* Fed decision shows ending unconventional policy
* Says risks to Japan economy titled toward downside
* Warns of signs of slowdown in Japan consumption, exports
* Kuroda reassures markets BOJ's stimulus working
By Leika Kihara
KUSHIRO, Japan, Sept 19 The Bank of Japan should
not increase its stimulus further and needs to learn from the
experience of the U.S. Federal Reserve this week in preparing
for the huge challenge of exiting its unconventional policy, a
central bank board member said.
The central bank's stimulus could in fact harm the economy
if it was maintained for too long, Takahide Kiuchi said on
Thursday, and so it should not take new steps except in response
to severe shocks to activity or the financial system.
"Unconventional monetary policy tends to create imbalances
across borders. That's why normalising monetary policy is very
difficult and could cause market disruptions," Kiuchi, a former
private-sector economist, told a news conference.
"The Fed was only trying to scale back stimulus, not tighten
policy. Still markets get ahead of themselves and long-term
rates shot up more than expected," said Kiuchi, the first BOJ
policymaker to publicly comment on the Fed's decision.
The Fed defied investor expectations on Wednesday by not
starting to wind back its massive monetary stimulus, saying it
wanted more evidence of solid economic growth.
The imbalance created by the Fed's stimulus has made markets
volatile and excessively sensitive to the message the central
bank sends out on the policy outlook, Kiuchi said.
So when the Fed indicated a tapering was possible earlier
this year, the consequent rise in U.S. Treasury yields and
slowdown in emerging markets as investors withdrew their capital
instead forced a delay in the start, he added.
"As the Fed's example showed, there are strong demerits to
huge asset purchases by the central bank. We therefore should
consider easing only if the benefits of doing so outweigh such
demerits," said Kiuchi after speaking to business leaders in
Kushiro in the northernmost prefecture of Hokkaido.

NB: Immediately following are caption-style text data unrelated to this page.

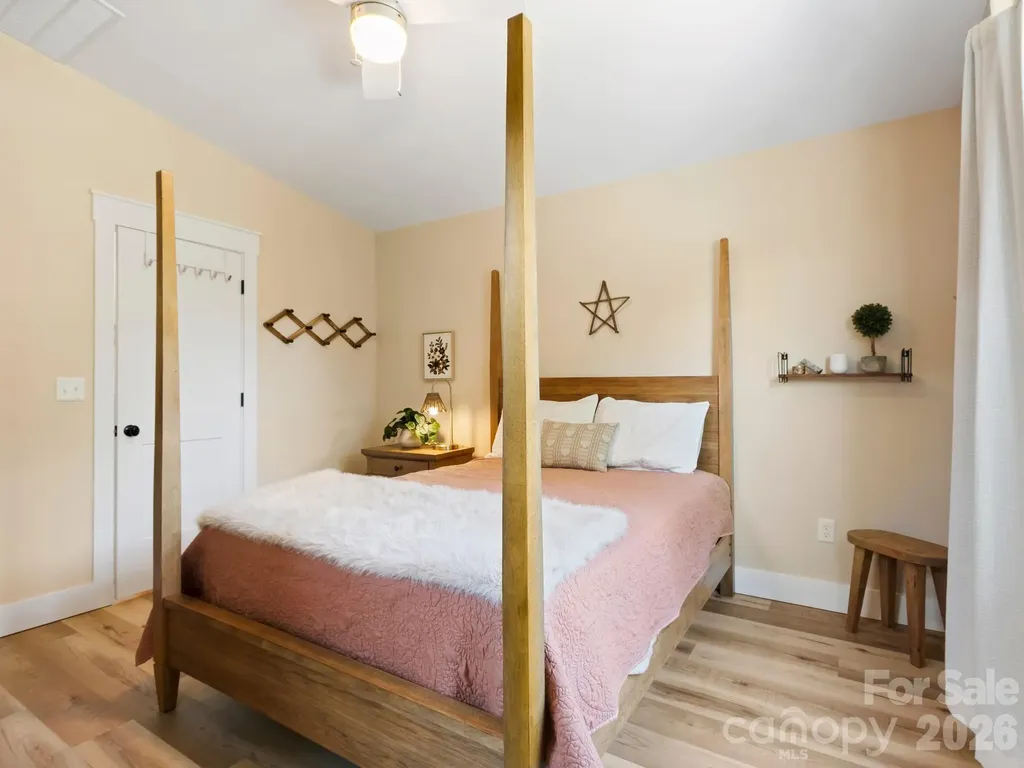 42 Cedar Street Asheville NC 28803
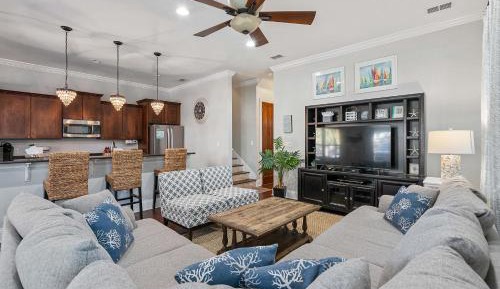Four-Bedroom Holiday Home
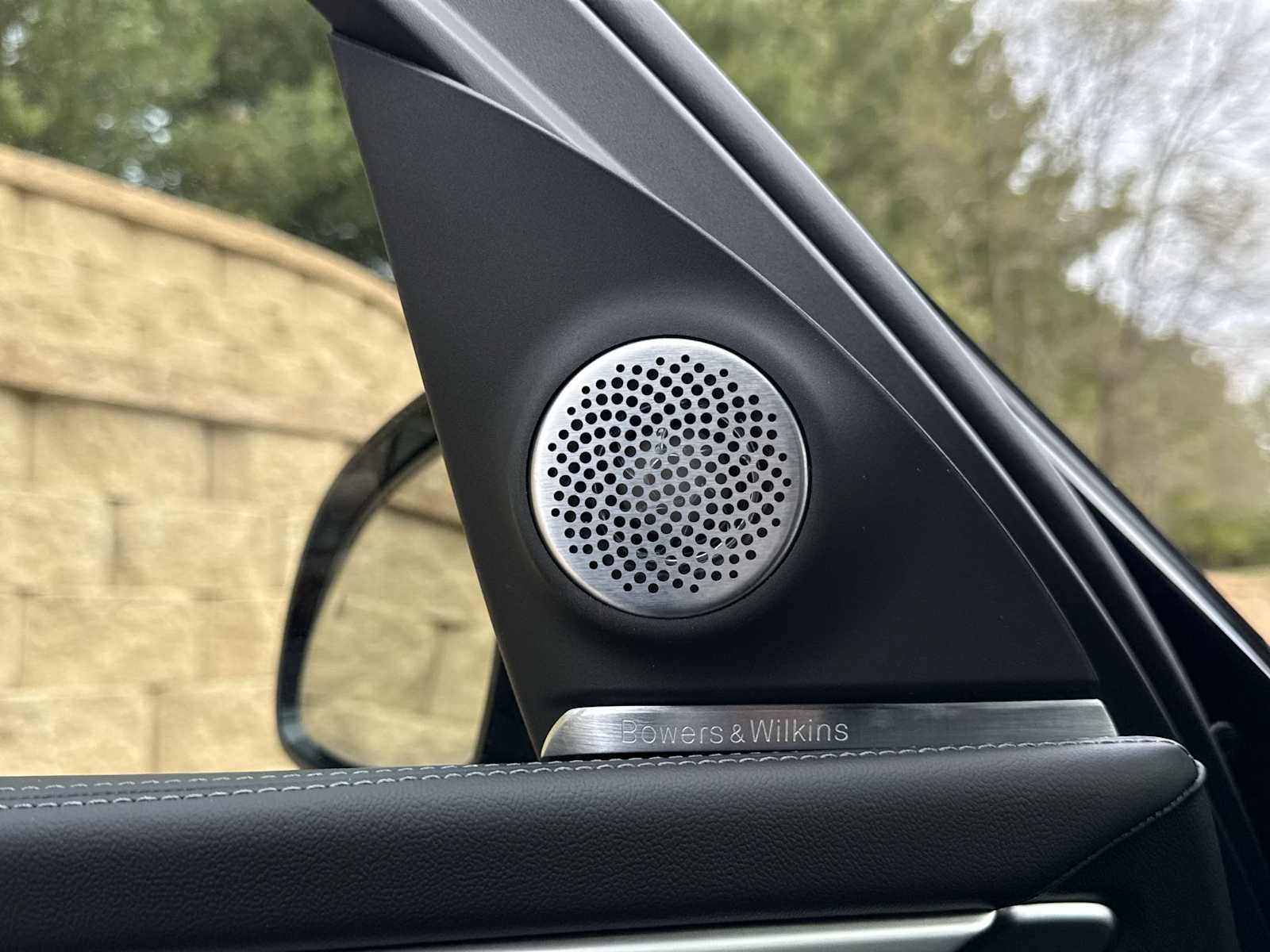 Thumbnail: 2026 BMW XM - 33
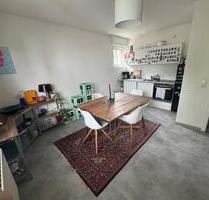 2 Zimmer Wohnung mit Wohnküche in Köln Zollstock zu vermieten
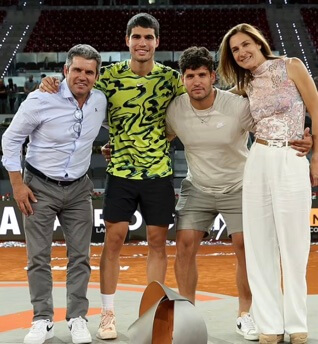 Alvaro Alcaraz Garfia with his brother, Carlos Alcaraz, and their parents.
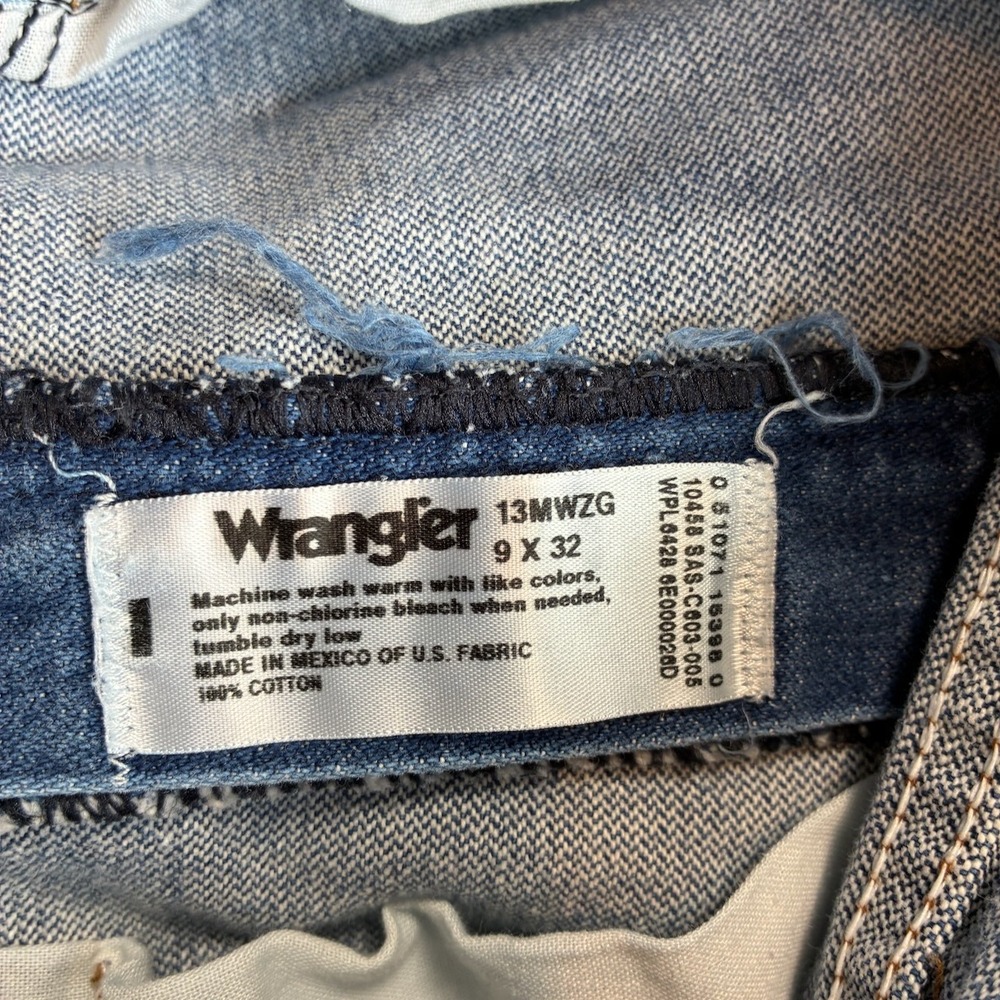 Vintage Wrangler 13MWZG Cowboy Cut Jeans Medium Wash High Rise 9x32 Denim Pants - Picture 4 of 12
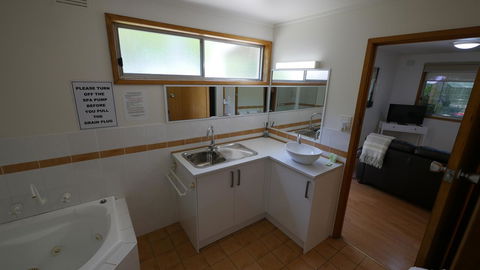 Adina Lodge Holiday Apartments - Accommodation Cairns 25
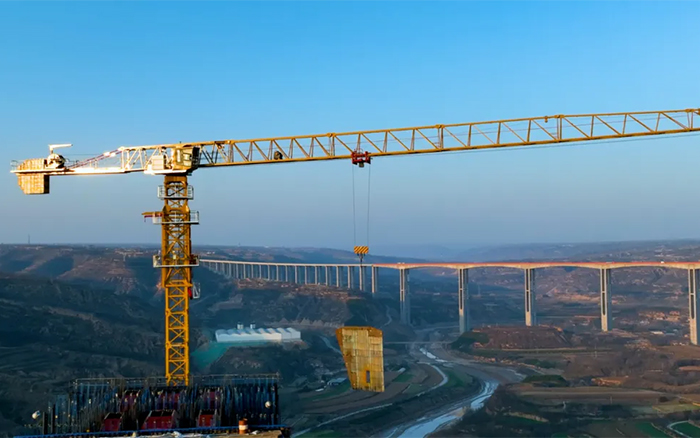 群塔架飞虹 | 黄土高原崛起的“三亿体育金”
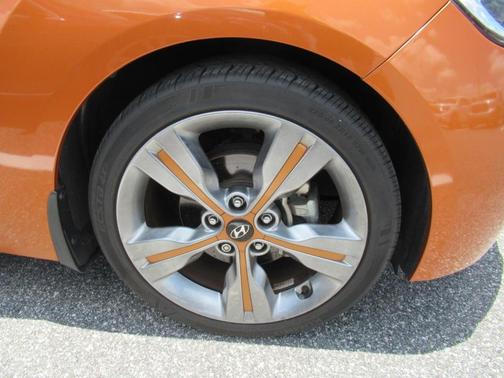 Vitamin C 2016 Hyundai Veloster Base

He added there were no immediate implications for the BOJ
from the Fed's decision, as each central bank decided on the
most appropriate policy for its economy.
WON'T ACT EASILY
The BOJ launched an intense burst of monetary stimulus in
April, pledging to double the base money via asset purchases to
achieve its 2 percent inflation target in roughly two years.
Kiuchi, considered a pessimist among BOJ board members,
reiterated his view that two years was not enough given slow
wage growth and Japan's long experience of grinding deflation.
Previously, the BOJ board has rejected his proposals to make
the inflation target a medium- to long-term goal, and to set a
deadline for the current stimulus.
Consumer prices rose 0.7 percent in July from a year
earlier, the fastest in five years, though they remain distant
from the central bank's price target.
In his speech, Kiuchi said risks to Japan's recovery are
growing because advanced economies may not be able to grow fast
enough to pick up the slack from a slowdown in emerging markets.
"Personally, I see risks to Japan's economy tilted somewhat
toward the downside," Kiuchi said, offering a gloomy view on the
outlook for exports and private consumption.
Despite that outlook, he said there was no need for the BOJ
to introduce extra stimulus to offset the impact of an expected
sales tax increase next year.
"We've abandoned the approach of fine-tuning our policy just
because the economy is temporarily in bad shape. It would take a
significant, big shock for us to consider easing."
Kiuchi's tone contrasted with that of BOJ Governor Haruhiko
Kuroda, who in a separate appearance said the central bank's
stimulus was having a positive effect on markets and the
"I expect the gradual economic recovery to continue and for
upward pressure on prices to increase due to gains in corporate
profits and wages," Kuroda said in a speech in Tokyo.
Data earlier in the day showed that while confidence among
manufacturers slipped in September from a three-year high,
exports posted their strongest growth in three years in August.
Japan's economy expanded for a third straight quarter in
April-June, outpacing many of its G7 counterparts, as the
pro-growth policies of Prime Minister Shinzo Abe boosted
sentiment and personal consumption.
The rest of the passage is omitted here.